A médica veterinária Jéssica Maresch, que concluiu sua tese de mestrado pela Universidade de Brasília, encontrou em suas pesquisas no laboratório do CTZL a resposta para uma das perguntas mais frequentes sobre o processo de clonagem de bovinos.

“Uma das perguntas que a gente mais recebia quando falava que trabalhava com clonagem era justamente essa: ‘mas até quanto tempo depois que o animal morreu você consegue clonar esse animal?’. Aí o meu experimento foi dividido em duas etapas, sendo a primeira justamente para responder essa pergunta. O objetivo foi a gente preservar o material desses animais por até 30 dias após o óbito e ver se a gente ainda conseguia recuperar células desse material, que no caso foram das orelhas desses animais que tinham morrido”, lembrou.

“Porque a gente tinha dois problemas muito sérios no laboratório.

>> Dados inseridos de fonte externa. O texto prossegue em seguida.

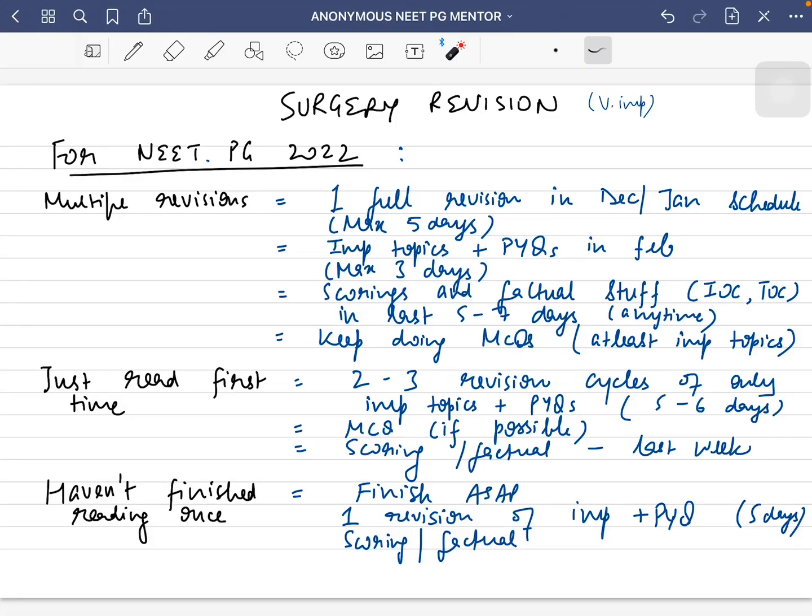Hello everyone, welcome to the anonymous NEET PG mentor channel. I am a guy from Delhi; I gave my NEET PG 2021 and secured an AIR of under 350, then I made this channel anonymously to help my fellow NEET PG aspirants. In this video I'll be telling you about how to revise surgery for NEET PG 2022. Surgery is a very important topic and you can expect around 15 to 17 questions easily.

Um era o produtor mandar para a gente material congelado, o que matava as células e inviabilizava o cultivo. Outro problema era eles não preservarem, mandarem material e este material chegar em estágio de putrefação, o que também inviabiliza o cultivo. Então a gente tentou trazer uma alternativa que fosse realizável pelo produtor. O que nós fizemos? Nós coletamos a orelha de vários animais no momento do abate e preservamos essas orelhas durante 30 dias dentro de uma geladeira, que é o eletrodoméstico que as pessoas têm em casa, têm na fazenda. Porque também a gente tem um país com proporções continentais, então muitas vezes o animal falece, vem a óbito numa fazenda que está muito longe do laboratório, então o nosso objetivo foi também simular um transporte desse material da fazenda até o laboratório. E nós conseguimos! Depois de até 30 dias do óbito foi possível recuperar o material desses animais. As células que nós cultivamos foram da pele e a gente viu que até um mês depois que o animal morreu, mantendo essa orelha a 5º C, é possível recuperar material para a gente usar essas células para fazer um clone desse animal”, celebrou a veterinária.

APLICAÇÃO PRÁTICA

Jéssica listou um exemplo prático de contribuição da clonagem de bovinos para a pecuária brasileira. “Nós temos uma linhagem de animais Sindi que foi desenvolvida pela Embrapa, uma linhagem que teve uma procura muito grande pelos produtores. Eram animais excelentes e infelizmente os animais foram envelhecendo com o tempo e a linhagem foi começando a se perder. Então o pessoal da Embrapa de Pernambuco coletou material desses animais ainda vivos, enviou para nós e nós conseguimos produzir o mesmo protocolo. Seguimos o mesmo protocolo, mantendo o material dos animais até 30 dias após a coleta, e foram ao todo 19 animais. Desses 19, nós também conseguimos preservar o material até 30 dias depois da coleta das amostras. Foi uma forma de preservar essa linhagem excelente de animais que foi produzida pela Embrapa e estava se perdendo. A gente conseguiu recuperar, são animais que ainda estão vivos, mas são muito velhos, estão idosos, então a gente conseguiu esse material que está guardado em nossos botijões para futuro uso justamente na clonagem”, ilustrou.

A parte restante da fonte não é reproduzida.